Some of them are completely up-front about their blending components and some aren’t. The Epicurean remains enigmatic about the source malts that have gone into this blend but the Lowlands region isn’t exactly stuffed full of distilleries so maybe we can work it out…
Nose: Very young. Grappa and yeast, sourdough, rock salt. Lots of unripe fruit – crab apples and green bananas. After breathing, some stewed baking apple and even a whiff of smoke and cured meat.
Palate: Grassy and green with barley sugar and sour cherry. Touch of banana bread then becoming quite hot and spicy. Numbing cinnamon and cloves with a milky chalkiness akin to those candy necklaces you get in sweet shops.
Finish: Quite short with liquorice root and a little peppermint tea.

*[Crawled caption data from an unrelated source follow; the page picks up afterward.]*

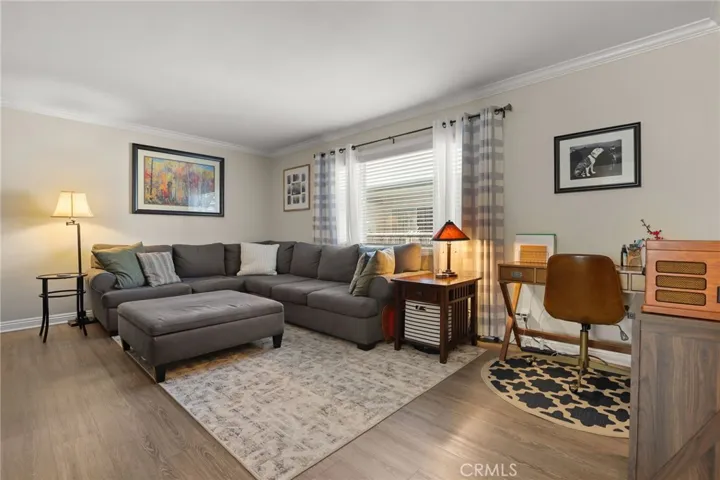 412 Burchett 17, Glendale, California 91203
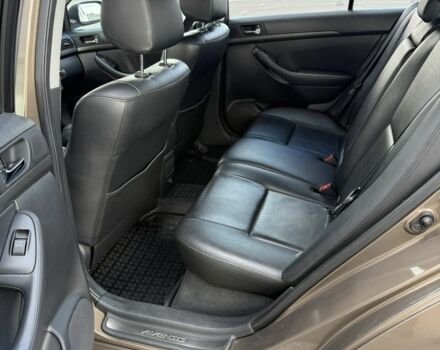 Коричневий Тойота Авенсіс, об'ємом двигуна 2 л та пробігом 370 тис. км за 6500 $, фото 7 на Automoto.ua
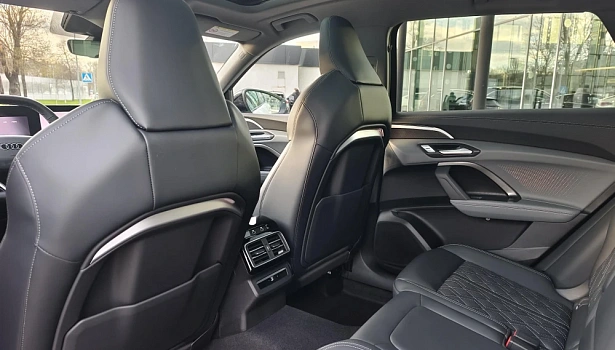 Audi Q5 2.0 4WD Внедорожник 40 TFSI Quattro (204 л.с.) фото 11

Dear, oh dear. As a fan of Laing’s blends on the whole, this one falls flat for me.
This chap’s far too young to be an epicurean. It’s just barely beyond new-make spirit in terms of flavour profile and really lacking in the regional traits that I know the Lowlands for – floral, buttery, delicate and subtle.
As for which distilleries may be in the blend… given the price tag of this, I doubt whether much malt from silent distilleries has made its way into the blending tun. Perhaps a minute splash of Littlemill, like the dab of Port Ellen they put into the Big Peat.
Daftmill have never yet sold any of their whisky and Annandale spirit isn’t legally whisky until 2018. That leaves Ailsa Bay, Auchentoshan, Bladnoch, or Glenkinchie.
Given the slightly smoky nose, cinnamon palate and youthfulness I’d wager there’s a fair chunk of Ailsa Bay in this blend. It is a little grassy to start with, which makes me think Bladnoch’s in there too.
Wherever the components came from, I can see this being a lot more interesting after more time in the barrel.
They really need to give this little bruiser some time to get potty trained, colour in some books, discover music, rebel against the establishment, dye its hair, move out, discover tweed and armchairs and settle into a dusty bookshop with its long term partner, Graham.